- **Data records**:

-- Opening Marker --

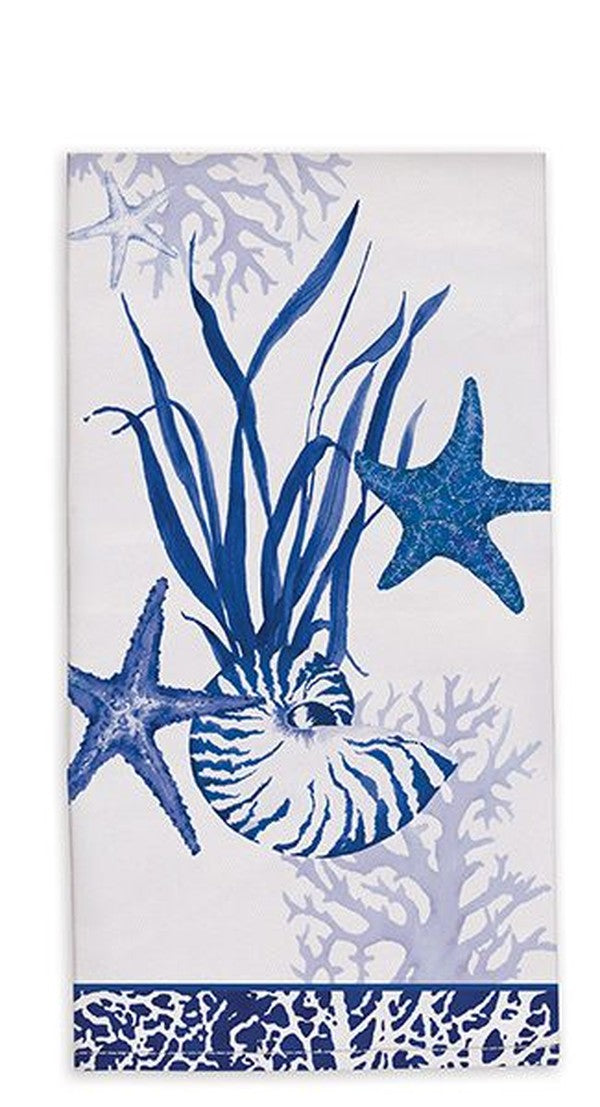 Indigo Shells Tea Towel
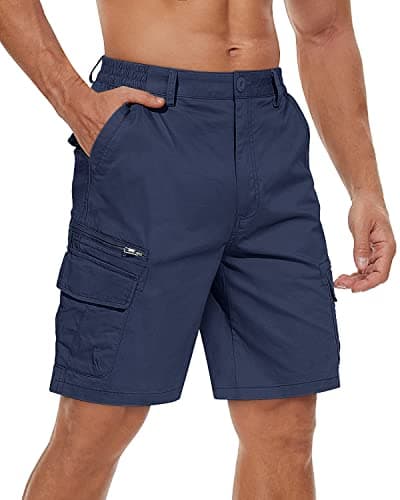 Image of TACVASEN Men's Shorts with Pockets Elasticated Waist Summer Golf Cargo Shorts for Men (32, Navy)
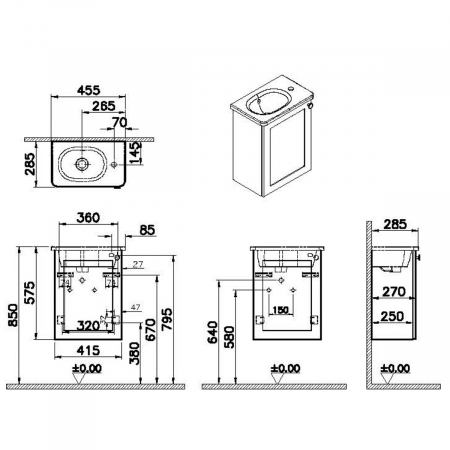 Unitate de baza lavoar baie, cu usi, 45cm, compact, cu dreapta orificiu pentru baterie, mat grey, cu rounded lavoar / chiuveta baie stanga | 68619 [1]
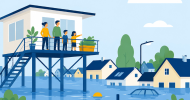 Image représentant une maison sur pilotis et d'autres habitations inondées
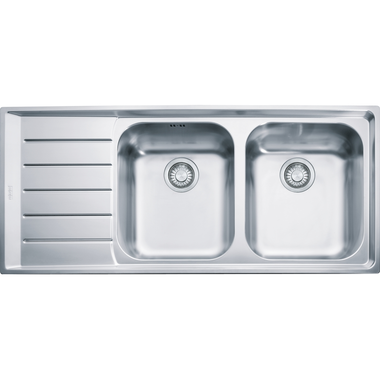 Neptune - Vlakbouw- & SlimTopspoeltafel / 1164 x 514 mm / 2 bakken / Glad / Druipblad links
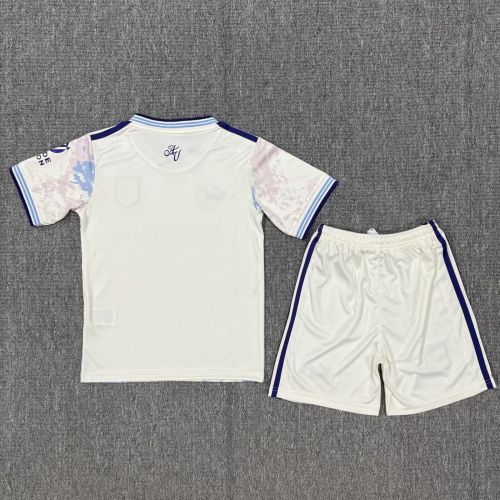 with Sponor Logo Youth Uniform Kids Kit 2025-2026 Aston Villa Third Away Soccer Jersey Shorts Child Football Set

-- Closing Marker --
-- Opening Marker --

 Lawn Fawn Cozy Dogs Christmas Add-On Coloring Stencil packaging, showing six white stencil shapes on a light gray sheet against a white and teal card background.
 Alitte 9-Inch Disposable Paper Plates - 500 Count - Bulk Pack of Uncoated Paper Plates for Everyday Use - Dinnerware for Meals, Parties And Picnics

-- Closing Marker --

- **Exercise aim**: Up in the listing, locate the line with "Unitate de baza"; print it and every line after it down to the line with "with Sponor Logo", which is included too. Skip the pictures.

- **Your response**:
 Unitate de baza lavoar baie, cu usi, 45cm, compact, cu dreapta orificiu pentru baterie, mat grey, cu rounded lavoar / chiuveta baie stanga | 68619 [1]
 Image représentant une maison sur pilotis et d'autres habitations inondées
 Neptune - Vlakbouw- & SlimTopspoeltafel / 1164 x 514 mm / 2 bakken / Glad / Druipblad links
 with Sponor Logo Youth Uniform Kids Kit 2025-2026 Aston Villa Third Away Soccer Jersey Shorts Child Football Set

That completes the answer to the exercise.